Les domaines ou espaces prioritaires où il convient de toute urgence de réaliser une égalité effective à La Réunion sont connus. Il s’agit de l’emploi, du logement et de l’éducation-formation… Arrêtons-nous sur le domaine prioritaire de l’emploi, retenu unanimement par les États généraux (2009) comme « le marqueur de toute politique de développement durable : celui-ci sera humain ou ne sera pas ». D’ici 2030, il faudra, toujours selon les États généraux de 2009, créer 160 000 emplois. Un défi impossible à relever, à moins d’agir sur les causes des inégalités devant l’emploi et de repenser si nécessaire notre modèle économique.

Le paradoxe réunionnais, on le souligne avec raison, repose sur le fait que la croissance relativement élevée du PIB s’accompagne d’un taux de chômage structurellement élevé, trois à quatre fois supérieur à celui de l’Hexagone et d’autres inégalités de même ampleur. La croissance qui était très proche de 6 % durant les années 70 et 80 est passée à 4,5 % en moyenne par an entre 1993 et 2008. Elle a connu un recul de 2,7 % en 2009, tout en affichant une reprise modérée en 2011. Quant au taux de chômage de la population active en général, il tourne autour de 30 % depuis quatre ans et avoisine les 60 % chez les jeunes actifs de moins de 25 ans depuis une dizaine d’années. Même durant la période entre 2000 et 2007, où il a connu une baisse de 8,5 points, il est resté structurellement élevé à 24 % en 2007 (CEROM, avril 2013).

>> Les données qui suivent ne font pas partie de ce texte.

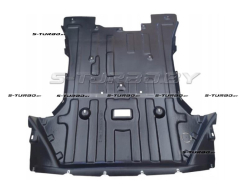 Защита двигателя (пластик) бензин, с теплозащитным экраном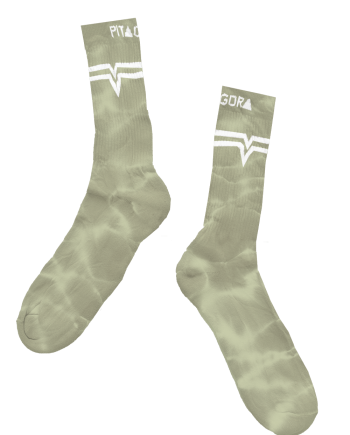 Calcetines Tie Dye Verde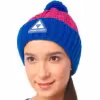 Шапка Fischer Alpine GR8096-800, акрил, малиновый/синий, размер универсальный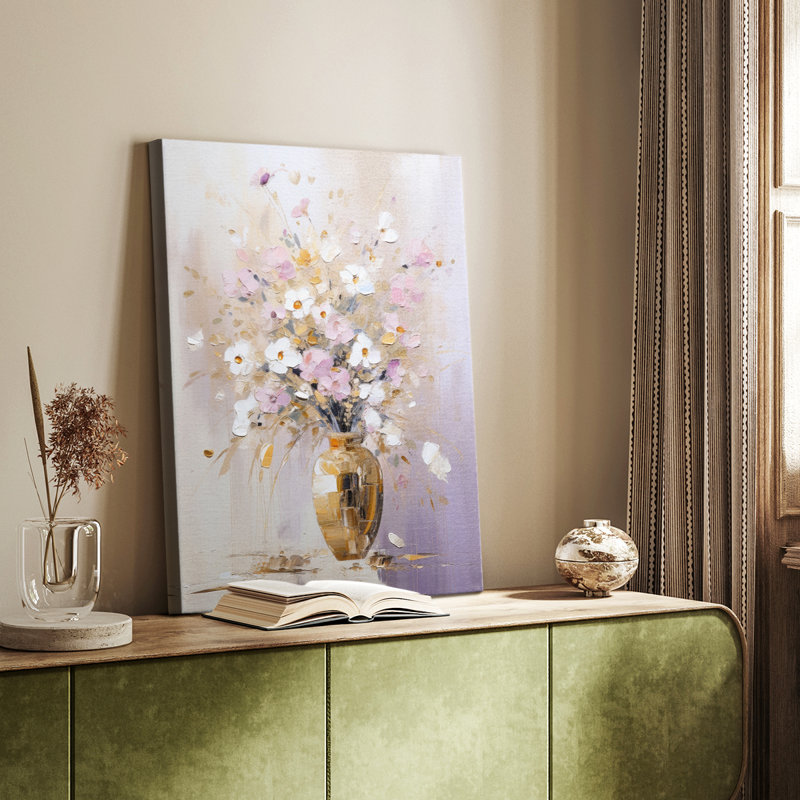 FLORAL Series CCDXLV - Gallery Cavas sur mesure, H 18 po x l 12 po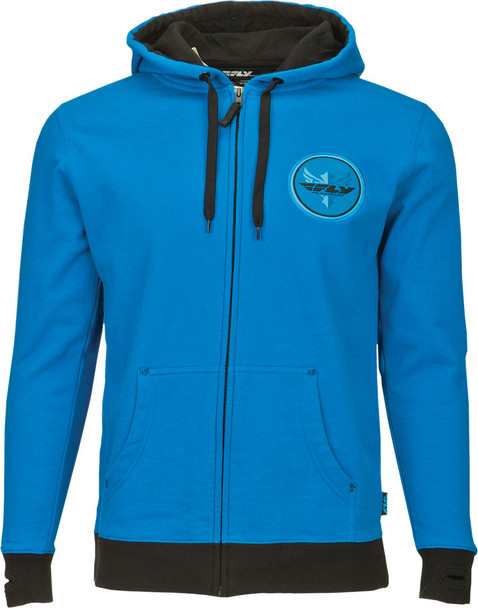 Fly Racing Fresh Hoody Blue M 354-0131M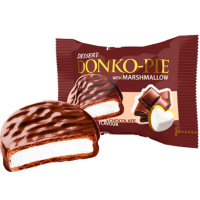 ДОНКО (7154) Десерт (Донко-Пай) 1,5кг (маршм.-шоколад) Курск конфеты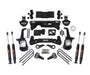 ReadyLift 44-3050 Big Lift Kit w/Shocks; 5-6 in. Lift; w/SST3000 Shocks; w/Factory Keys; - Truck Part Superstore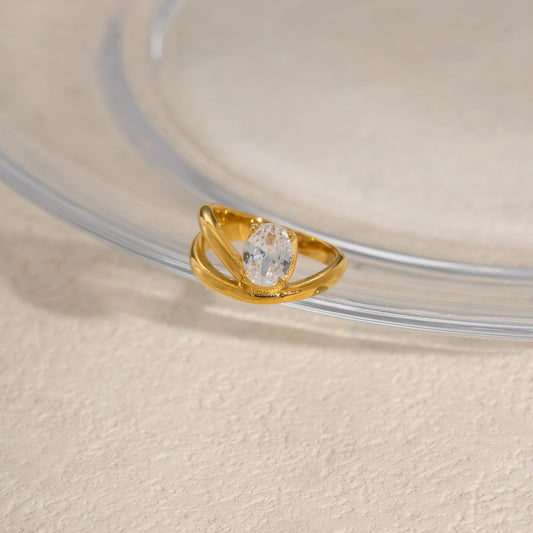 "Amber" Ring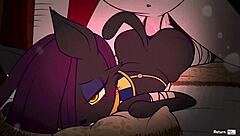 Hentai monster fucks anime girl in game.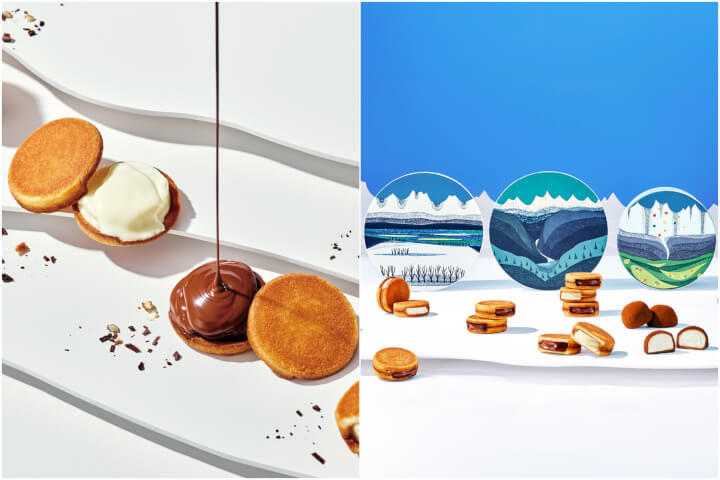 北海道SNOWS進駐新光三越！35天快閃　3款冬季限定生巧克力一次看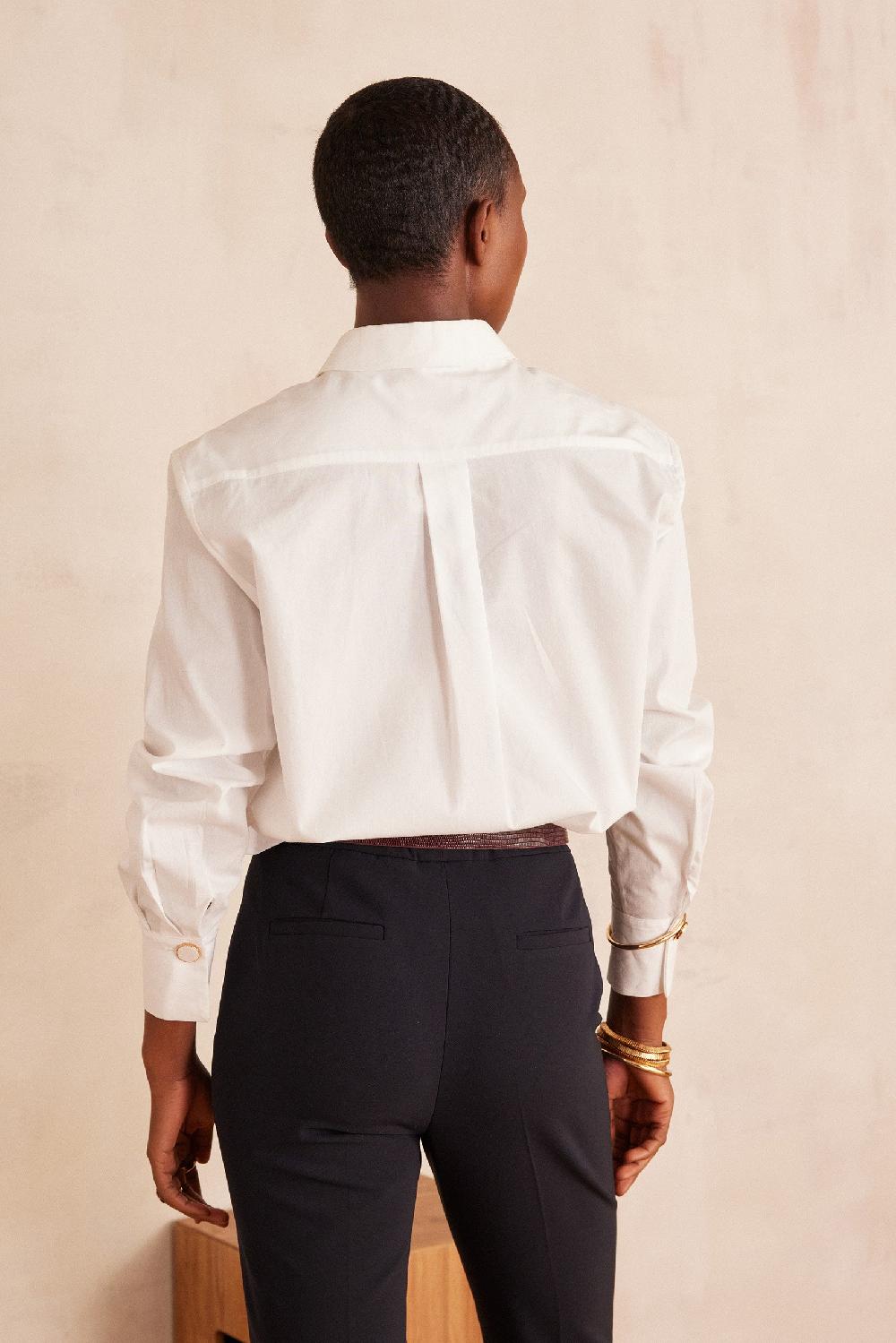 Maison 123 100% Cotton Shirt ESMERALDA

C’est dire que ce chômage quasiment incompressible à la baisse a quelque chose à voir avec le modèle économique de rattrapage mis en œuvre jusqu’ici. C’est en quelque sorte le prix à payer de la politique menée au nom de l’égalité sociale. Le moins qu’on puisse dire est que les performances économiques du modèle ne bénéficient pas de façon équitables à l’ensemble de la population, dont le tiers vit de minima sociaux, soit 150 000 foyers et 240 000 personnes (Marie-Laure Hoarau, in Faire Savoirs, 2008). Ce recours massif aux minima sociaux n’est qu’une conséquence de l’absence d’emplois et de revenus d’activité insuffisants.

C’est à ce chômage de masse structurel, qui génère la précarité et ses conséquences désastreuses sur les personnes et le « vivre-ensemble », qu’il faut s’attaquer frontalement en agissant sur ses causes si l’on veut promouvoir l’égalité réelle devant l’emploi. La réponse par le traitement social et les « petits boulots » sans toucher à l’équilibre ou à la nature du système qui donne naissance à toutes les vulnérabilités de la société réunionnaise ne répond pas l’urgence de notre situation. Les fortes et scandaleuses inégalités de la société réunionnaise posent la question de la qualité du développement et de la société qu’on cherche à promouvoir.

Nous pouvons sûrement compter sur le dynamisme de notre secrétaire à l’Égalité réelle, Ericka Bareigts, pour faire bouger les choses dans la bonne direction, mais sans une forte mobilisation collective, on ne gagnera pas ce combat pour un développement harmonieux et solidaire de notre île.